Economists say tribe gets better deal under House gamble plan
The state's top economists just concluded their forecast for the revenue they expect to be generated by the House and Senate Indian Gambling compact and came up with the following numbers:
The House bill will bring in $257.2 million in the first year, even though it strips the tribe of black jack and banked card games. Economists said the tribe will benefit greatly from having exclusive operation of Las Vegas-style slot machines outside of Miami-Dade and Broward counties and are expected to expand the number of games they operate by 10 percent a year -- as they have done in the recent past. The House bill, however, only requires the tribe to pay $100 million in revenue sharing.
"We believe there has been growth and there will continue to be some growth going forward regardless of whether there is table games or not,'' said Amy Baker, director of the legislature's Economic and Demographic Research division.
By contrast, the Senate bill, which gives the tribe full casinos -- including black jack, slot machines, roulette and craps -- is close in its estimate that the tribe should be required to pay $400 million a year in annual revenue sharing. The economists, sitting as the Revenue Estimating Conference, said the state can expect $504 million in the first year.

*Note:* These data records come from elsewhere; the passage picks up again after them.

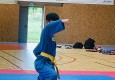 IMG_4763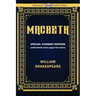 Macbeth (Special Edition for Students)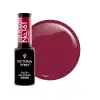 Victoria Vynn Gel Polish 8 ml No.161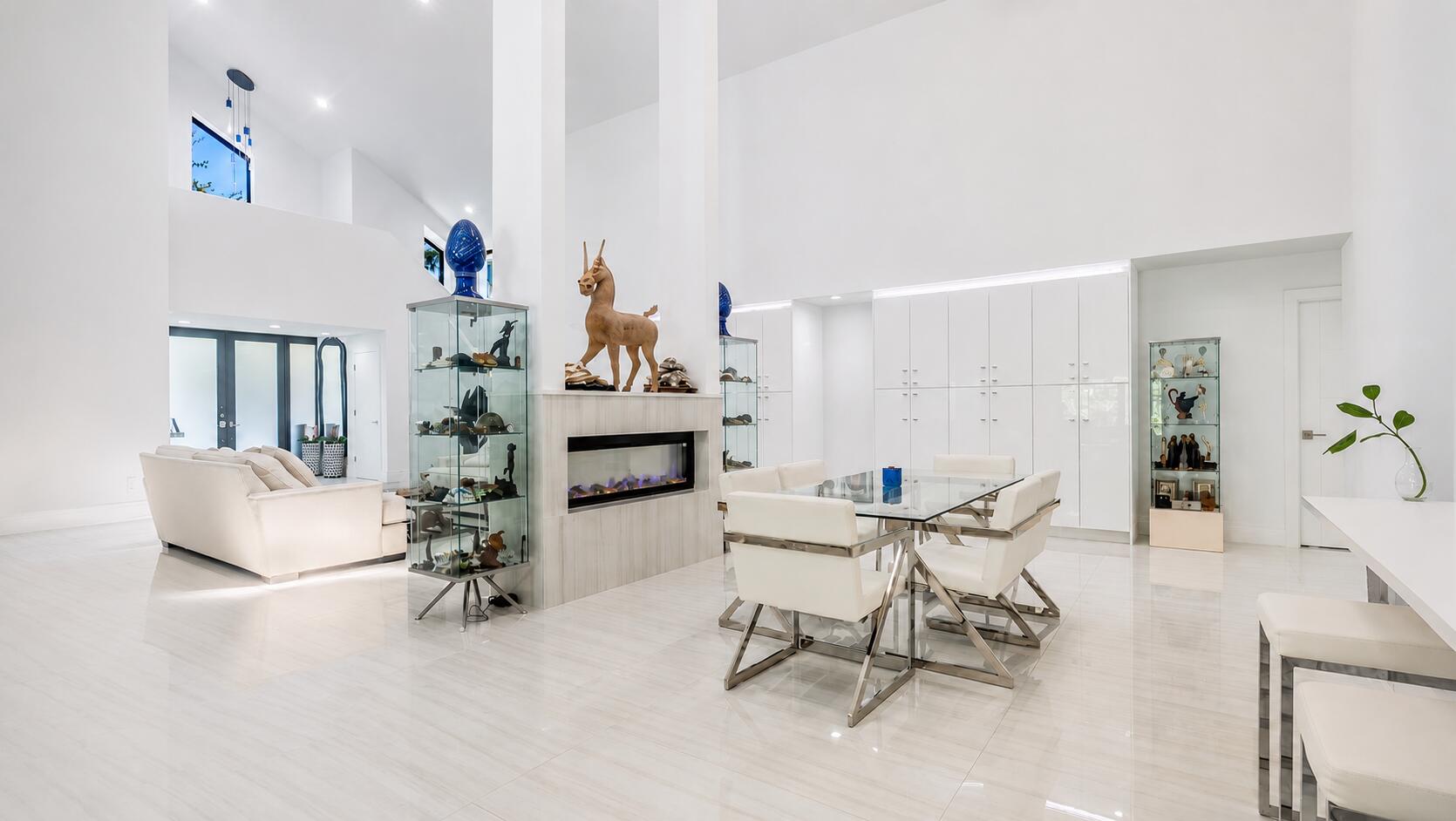 501 Sandpiper, Boca Raton FL 33431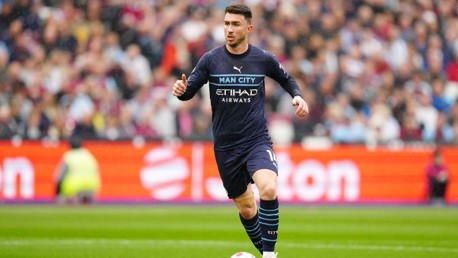 Laporte withdraws from Spain squad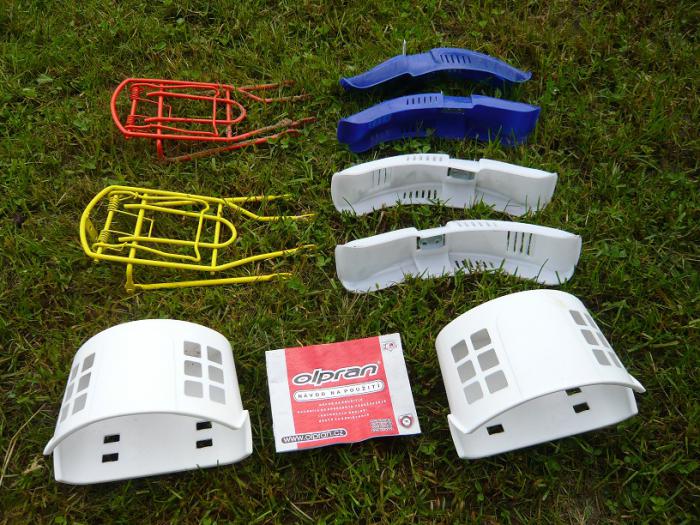 foto k příspěvku  od P3RF3KT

The economists arrived at their estimate by assuming the tribe can pay $400 million in the first year if the deal is inked by July 1, they will lose one-twelfth of that as they first payment is not likely to be made until August 1. They then add in the $137.5 million now being held in reserve because the current agreement has been invalidated.
Economists expect the tribe to face some competition from the Senate plan to also expand gambling at horse and dog track and jai alai frontons around the state but they continue to believe the $400 million is realistic.
Rep. Bill Galvano, the chairman of the House committee that authorized the tribal gaming bill, said the estimate is the proof they need to tell federal regulators that by giving the tribe exclusivity to slot machines outside of South Florida is a very valuable exchange for revenue sharing.
"It's a reasonable expectation and corroboration that they are getting something of value,'' he said.
Tribe spokesman Gary Bitner said the Seminoles would not comment. "The Tribe prefers not to comment on the various proposals being raised in the Legislature,'' he said.